Using open-source oceanographic and human-use data, the team identified areas of the gulf suitable for seaweed cultivation. They found roughly 9% of the United States’ exclusive economic zone in the gulf could support seaweed aquaculture, particularly off the west coast of Florida.
“Cultivating seaweed in less than 1% of the U.S. Gulf of Mexico could potentially reach the country’s pollution reduction goals that, for decades, have been difficult to achieve,” said lead author Phoebe Racine, a Ph.D. candidate at UCSB’s Bren School of Environmental Science & Management.
“Dealing with nutrient pollution is difficult and expensive,” Bradley added. The U.S. alone spends more than $27 billion every year on wastewater treatment.
Many regions employ water quality trading programs to manage this issue. In these cap-and-trade systems regulators set a limit on the amount of a pollutant that can be released, and then entities trade credits in a market. Water quality trading programs exist all over the U.S., though they are often small, bespoke and can be ephemeral. That said, they show a lot of promise and, according to Racine, have bipartisan support.
Seaweed aquaculture would fit nicely within these initiatives. “Depending on farming costs and efficiency, seaweed aquaculture could be financed by water quality trading markets for anywhere between $2 and $70 per kilogram of nitrogen removed,” Racine said, “which is within range of observed credit prices in existing markets.”
What’s more, the researchers note that demand is rising for seaweed in food and industry sectors. Potential products include biofuel, fertilizer and food, depending on the water quality, Racine said. This means that, unlike many remediation strategies, seaweed aquaculture could pay for itself or even generate revenue.

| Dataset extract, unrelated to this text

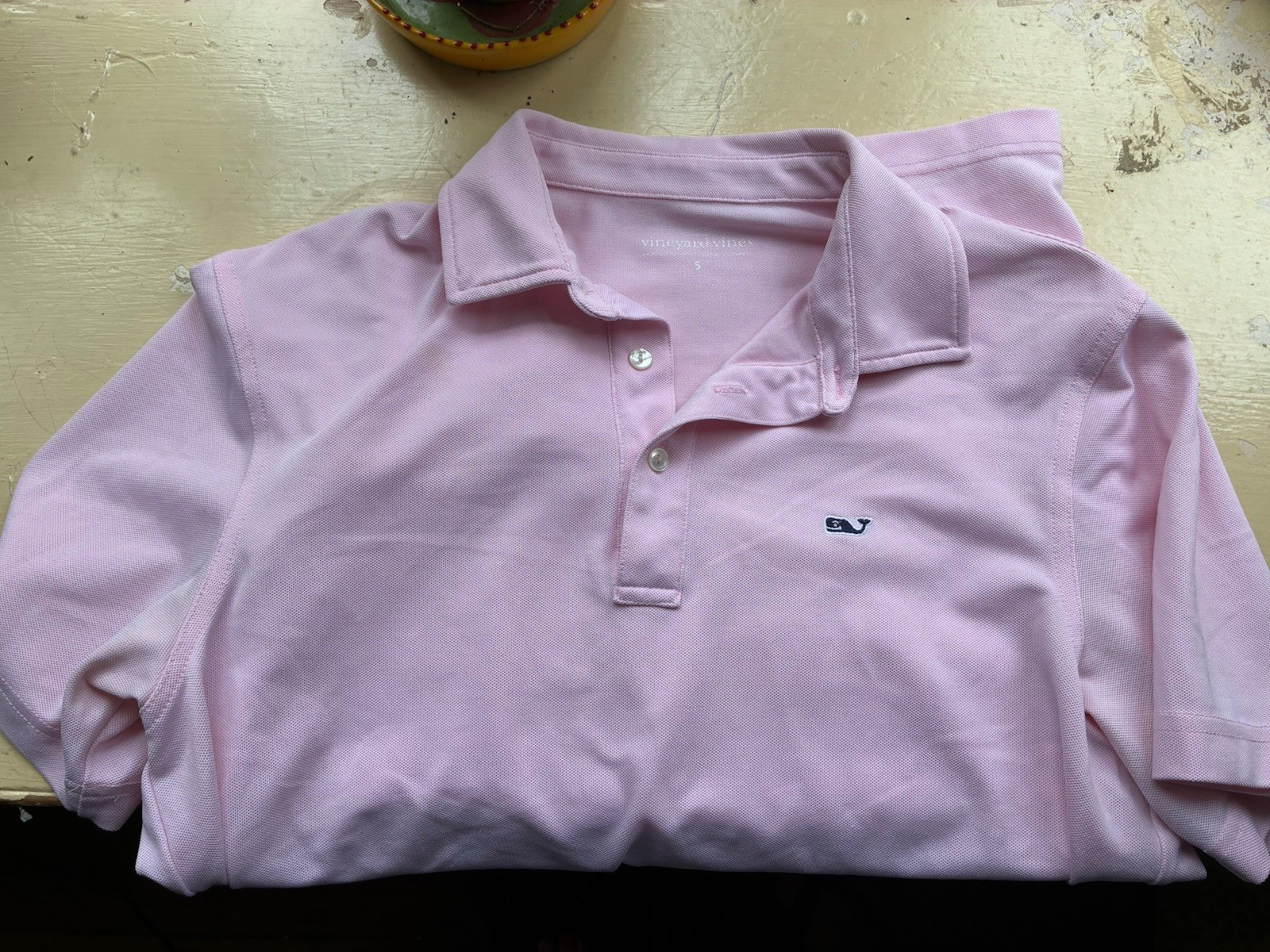 Vineyard Vines Men’s Pink Solid Short Sleeve Collared Polo Shirt Size S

And the time seems ripe for the authors’ proposal. “The U.S. has traditionally had a lot of barriers to getting aquaculture in the ocean,” Bradley explained. “But there is mounting political support in the form of drafted bills and a signed executive order that could catalyze the expansion of the U.S. aquaculture industry.”
This study is the first of several to come out of the Seaweed Working Group, an interdisciplinary group of researchers looking to understand and chart the potential of seaweed aquaculture’s benefits to society. They are currently investigating a range of other ecosystem services that seaweed cultivation could provide, such as benefits to surrounding fisheries and carbon capture. The researchers are also working on a paper that explores nitrogen and phosphorous removal at the national level with fine-scale scale analysis modeling nutrient removal from native seaweeds off the coast of Florida.
As long as humans continue adding nutrients to the environment, nature will find ways to use them. By deliberately cultivating seaweeds, we can grow algae that we know are benign, helpful, or even potentially useful, rather than the opportunistic algae that currently draw upon these excess nutrients.